[Source records — start]
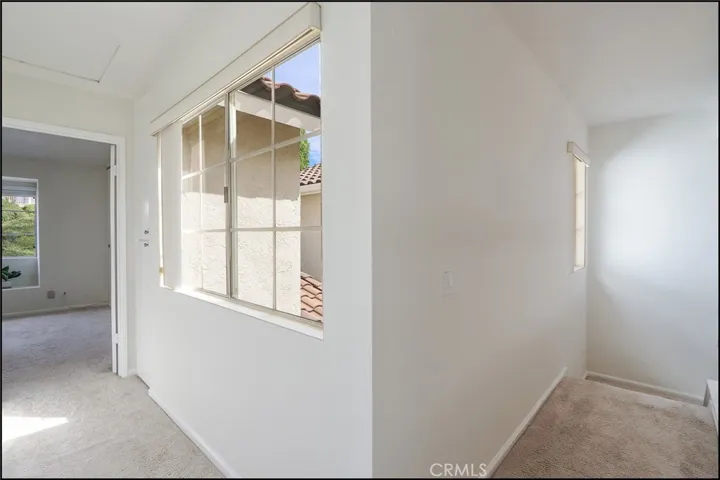 21061 Jenner, Lake Forest, California 92630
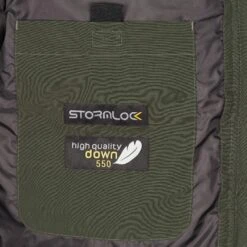 Jack Wolfskin ALEX LONG DOWN JKT M Herren - Daunenjacke -FJÄLLRÄVEN Verkaufsgeschäft 5637973549 j alex long down jkt m jack wolfskin 24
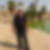 Photo de profil de Didier Gotainer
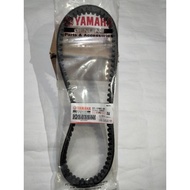 V-BELT MIO SPORTY, MIO SMILE, MIO SOUL, FINO/5TL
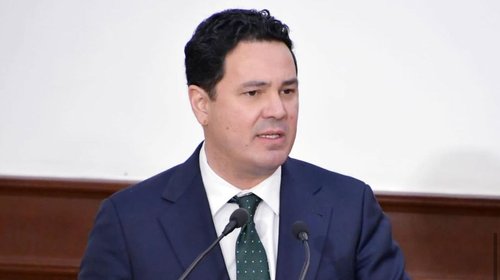 Exigen a CFE atender apagones e indemnizar daños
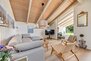 Ferienhaus 41513 in Gammel Strandvej  28, Henneby - Bild #2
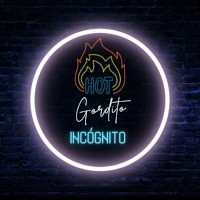 Gordito incognito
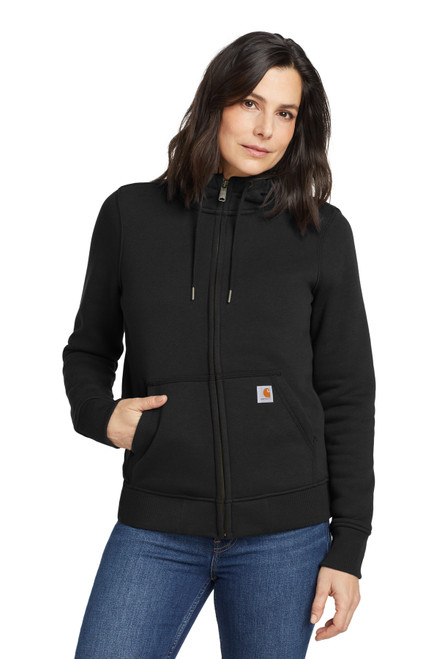 Zip-Hoodie-CT102788-1
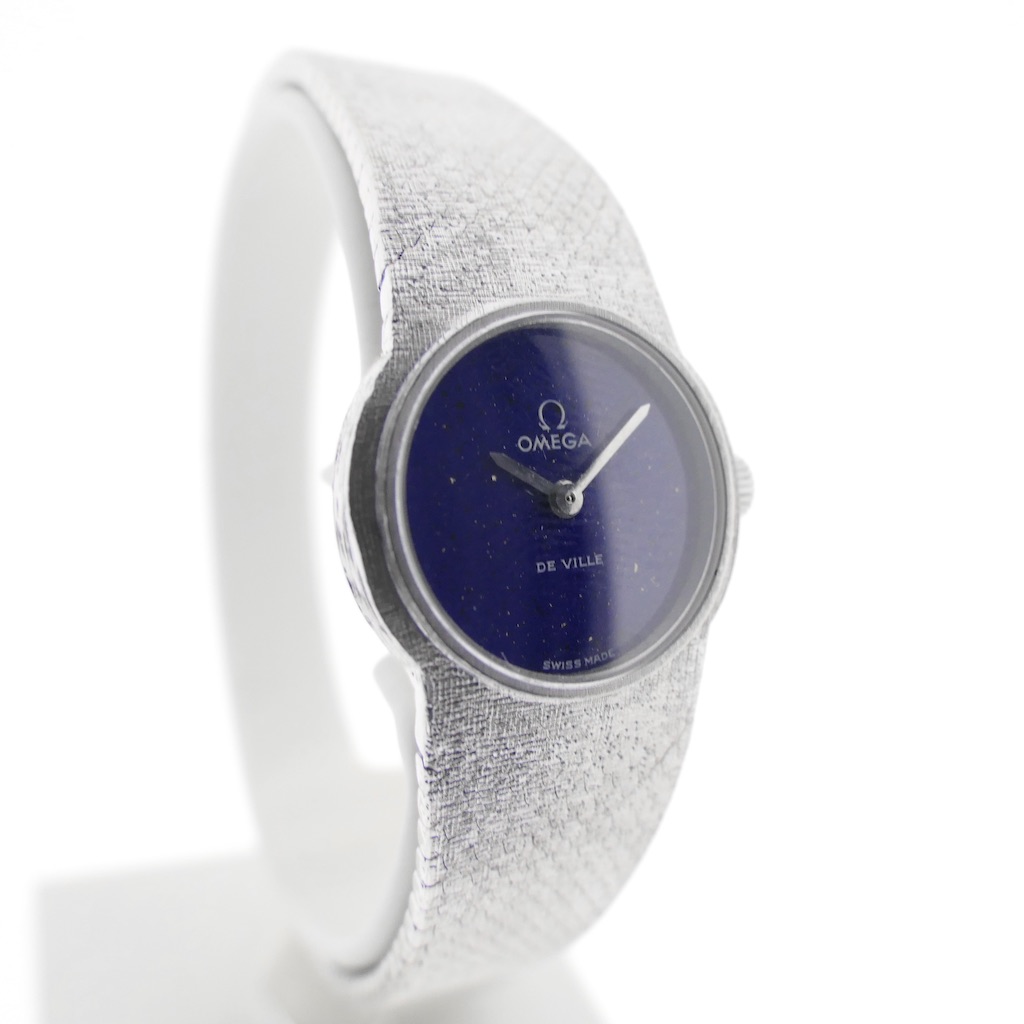 https://www.juweelwinkel.nl/wp-content/uploads/2022/10/Omega_Lapis_1.jpg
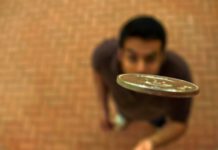 Ile szczęścia pozostało w pokerze?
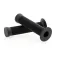Befly BMX Touch griffe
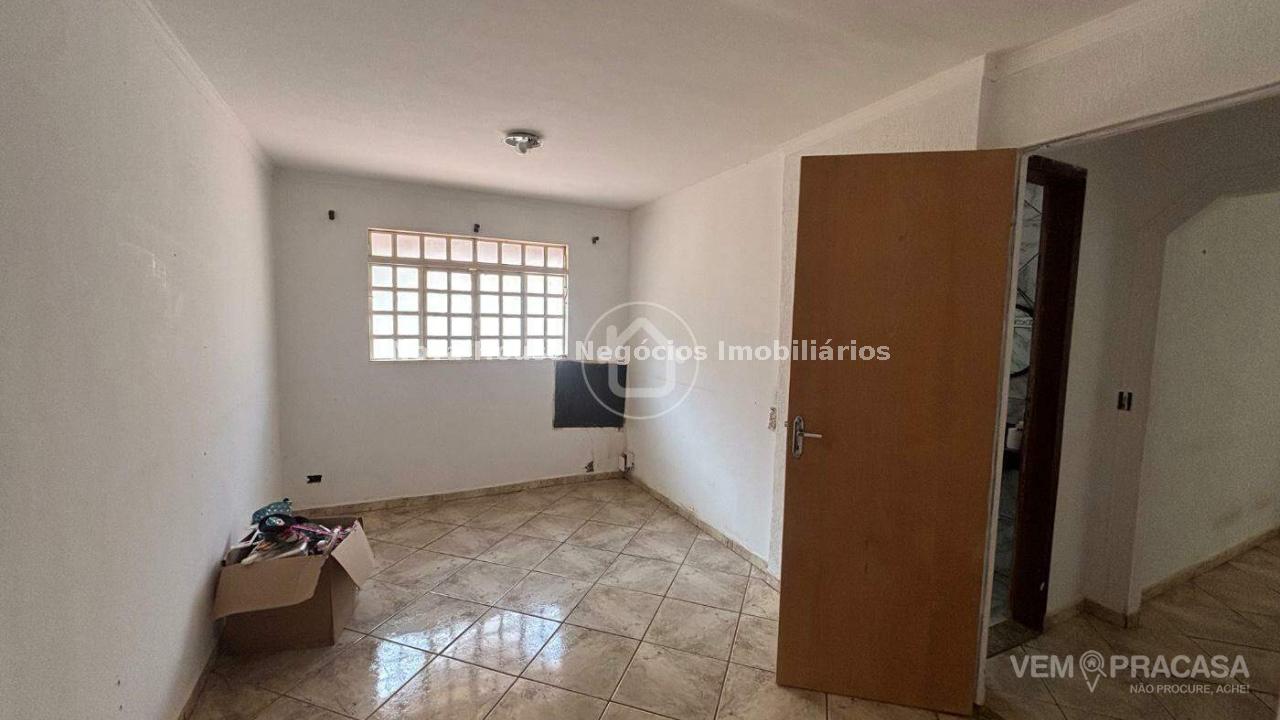Casa Térrea à venda no Parque dos Novos Estados, Campo Grande – foto 42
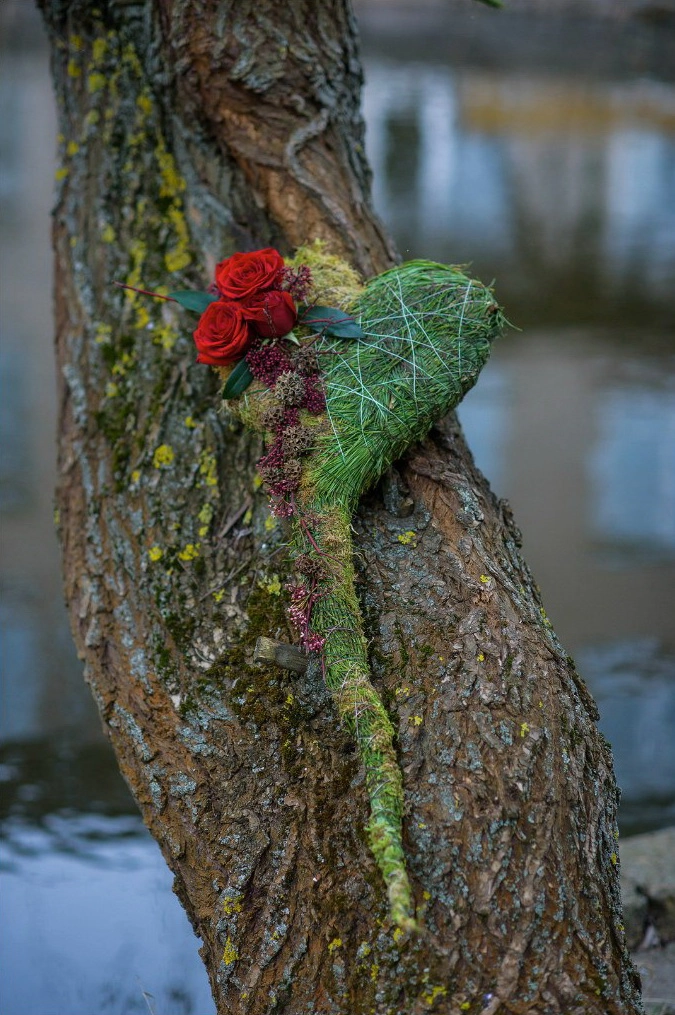 Главное фото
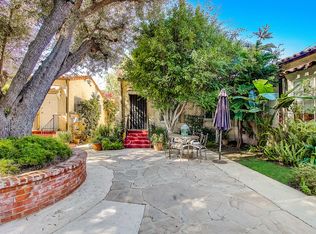 812-818 21st St #60472889, Santa Monica, CA 90403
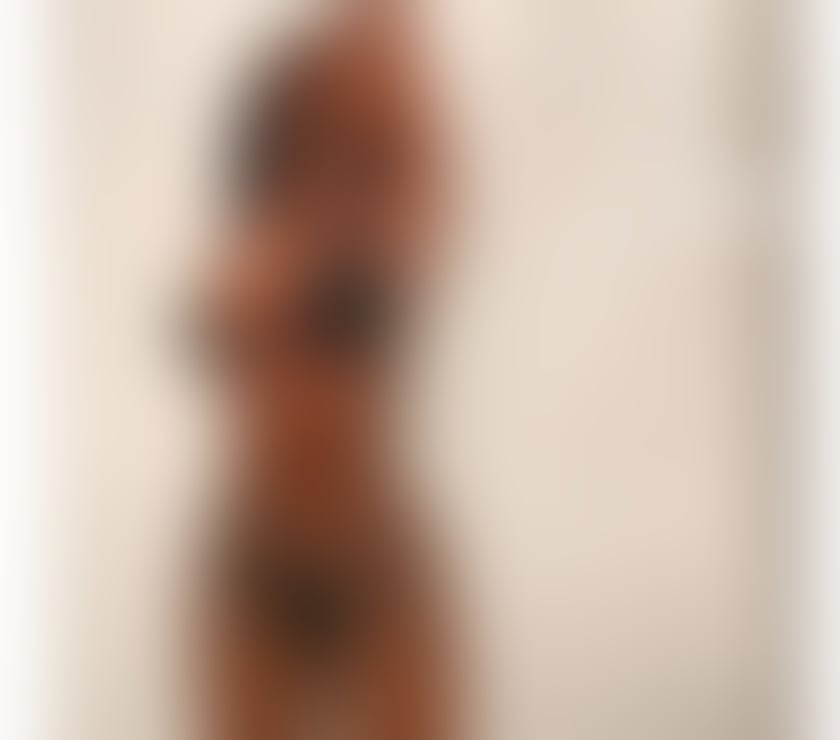 Escorts Marylebone Central London - Photos for Sexy Party Ebony Shakira Queen Sloppy BJ & Dom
[Source records — finish]
§ Exercise: Within the listing above, find the line containing "Ferienhaus 41513 in", then print it and every line after it exactly, leaving out pictures.

§ Exercise answer:
 Ferienhaus 41513 in Gammel Strandvej  28, Henneby - Bild #2
 Gordito incognito
 Zip-Hoodie-CT102788-1
 https://www.juweelwinkel.nl/wp-content/uploads/2022/10/Omega_Lapis_1.jpg
 Ile szczęścia pozostało w pokerze?
Befly BMX Touch griffe
Casa Térrea à venda no Parque dos Novos Estados, Campo Grande – foto 42
 Главное фото
 812-818 21st St #60472889, Santa Monica, CA 90403
 Escorts Marylebone Central London - Photos for Sexy Party Ebony Shakira Queen Sloppy BJ & Dom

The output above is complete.